WORKING IN A CASTLE
“The factory is located in a castle with 1 m thick walls. We have roughly 250 square metres of space inside. It’s in a small village, and there’s no budget to do anything with it – in a bigger city, it would be an art gallery or something like that. They’re just happy there’s a company in there paying the rent. I like it, but it’s impractical on a few levels. It’s humid; it’s cold, there’s no loading or unloading bays. But it’s the closest place to my home, and it’s the lowest rent around, so it was a sound business decision.
“When I started, I spent two or three years gathering information and trying to set up the highest-quality manufacturing possible – purity of materials, purity of the gas in the tubes, the best equipment, so we can produce the best Nixie tubes ever. There were problems at first, of course. The first batch of maybe around 50 Nixie tubes started to fail after around a year, so we had to take them back from customers, analyse the problem, find the solution, and prevent problems in the future.
“Now we have roughly a 4% fail rate, and we’re constantly bringing that down. When you read the theory, it sounds simple, but the reality is that it’s much more difficult than it first looks. We work constantly on quality inspections, on the things that we make and on the materials that we get from suppliers.
“If we were a bigger company with 20 engineers, then setting up the roles for this would be easy, but we’re just three people in production. It’s quite a challenge to set up the processes so that they run consistently.
“We only make one type of Nixie tube, plus a separator for use in clocks – it lights up like a colon to separate hours, minutes, and seconds. I’ve started working on a slightly smaller type of tube that we’ll be able to offer at a lower price to the customer.
“Our customers are interested in technology – some people buy paintings for their wall; our customers buy a technical piece of art. I think they appreciate the fact that someone is keeping old technology alive and they want to support us.

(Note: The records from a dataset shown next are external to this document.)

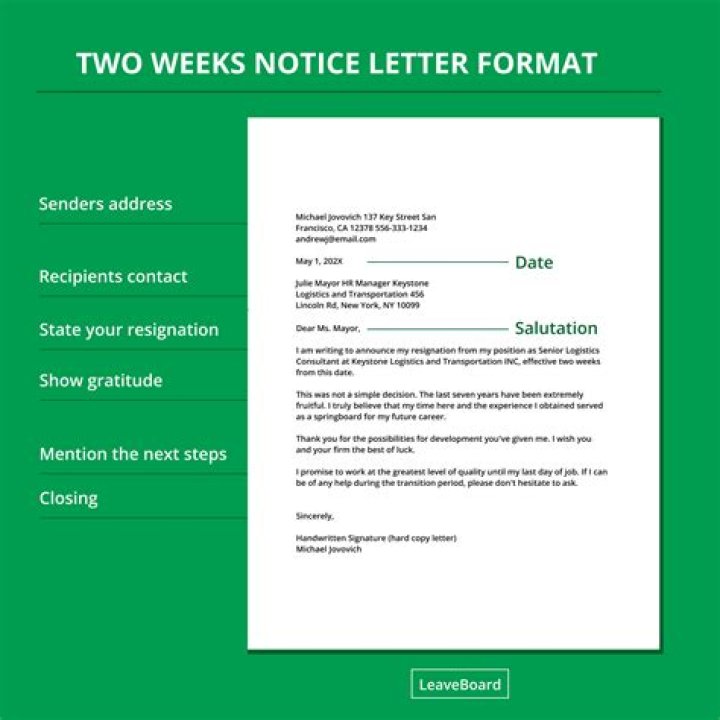 Does 2 weeks notice mean 14 days?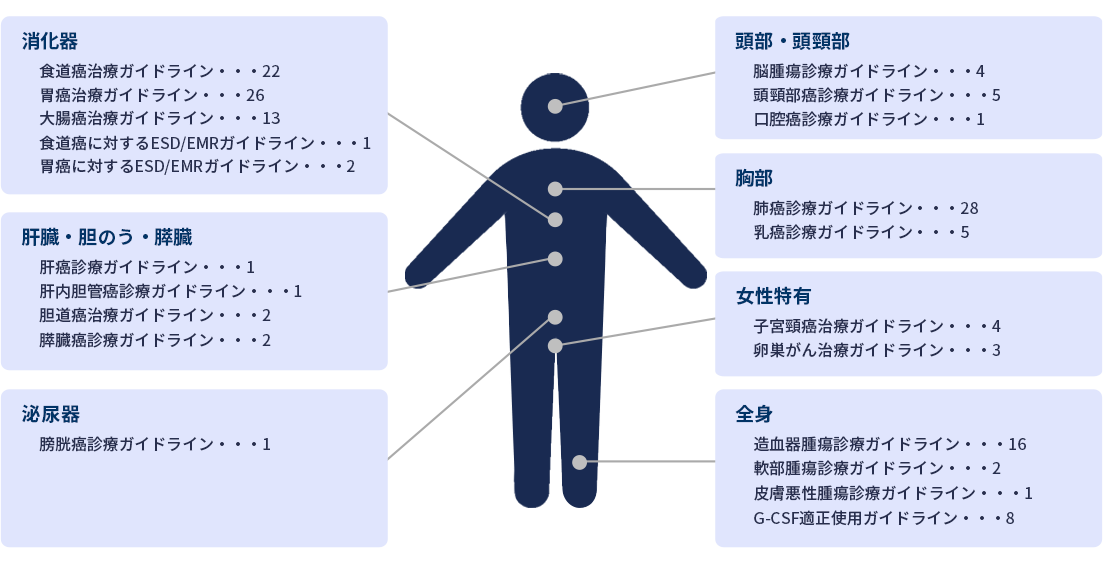 診療・治療ガイドライン採択数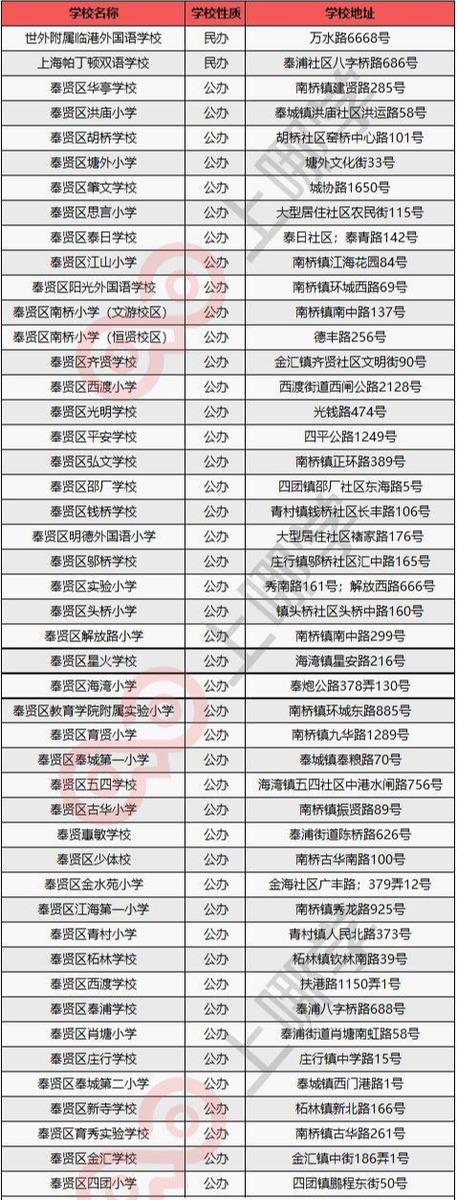 民办学校人才引进_引进民办优质学校经验材料_引进优质民办教育的利弊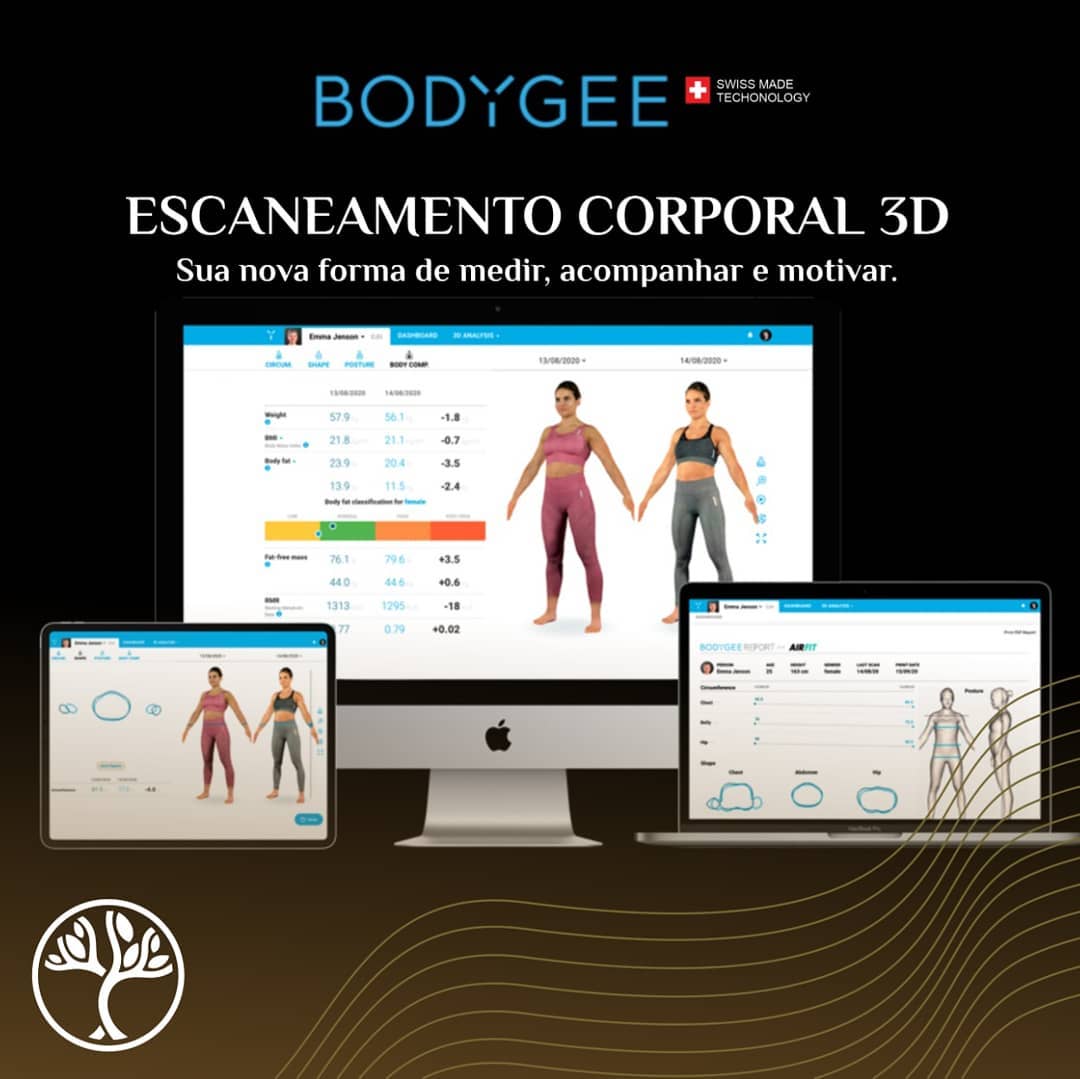 BODYGEE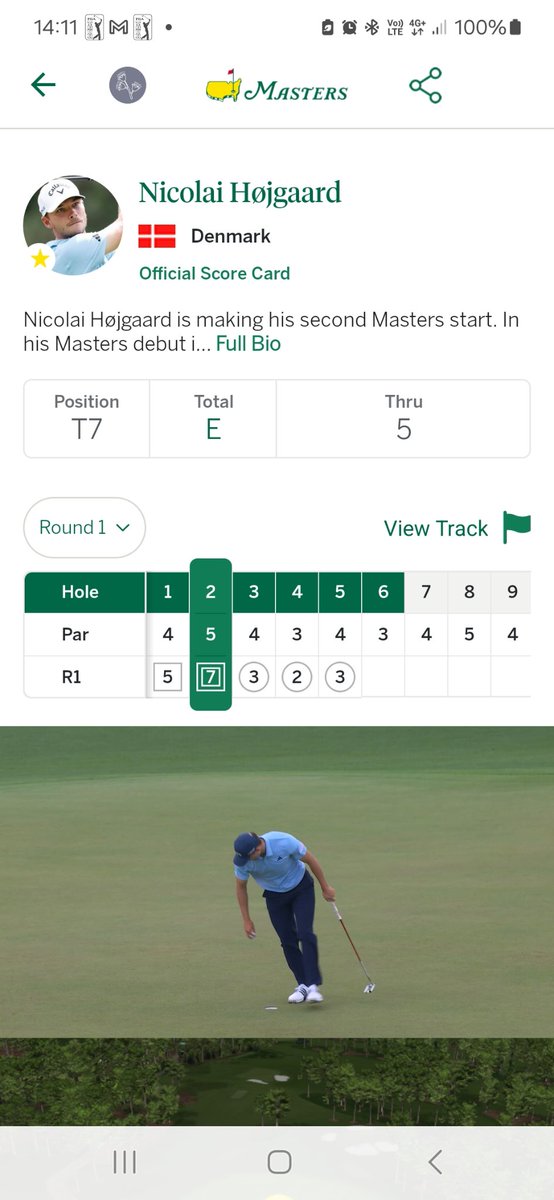 The much vaunted Masters app is having a nightmare. Hoejgaard's correct score on holes 1 and 2 were 4,4. He traded at 1000 on betfair at one stage.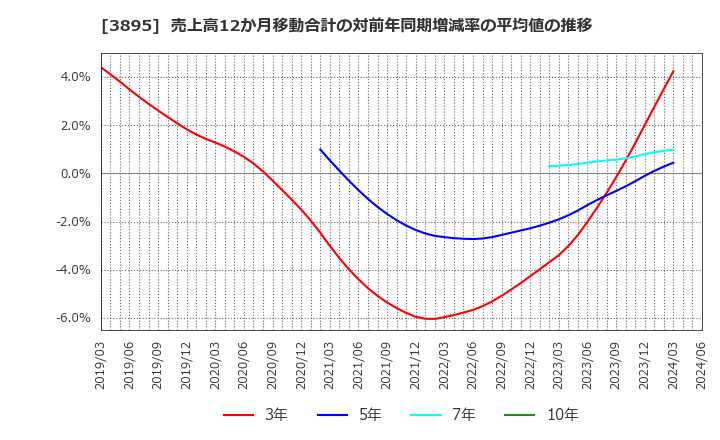 3895 ハビックス(株): 売上高12か月移動合計の対前年同期増減率の平均値の推移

“We make everything by hand, which sounds cool, but it’s partly because we didn’t have the machines to do things for us, in particular, the glass-work. In 2019 there are no companies making machine tools for making Nixie tubes, so we’ve been looking for old machine tools in archives of Nixie tube manufacturers. Most of these machines went to scrap, but they’re rare anyway because only a few of them were ever sold. With the smaller tube, I’ve managed to find a machine to help me produce this new tube. I only found the contact to get in touch with the person who had this machine because I was already producing Nixies by hand, and the community helped me find this man who had a machine who sold it to me because he wanted to see it in operation, rather than gathering dust. Thanks to the first generation of our Nixie tubes, I’ll be able to produce the second generation.”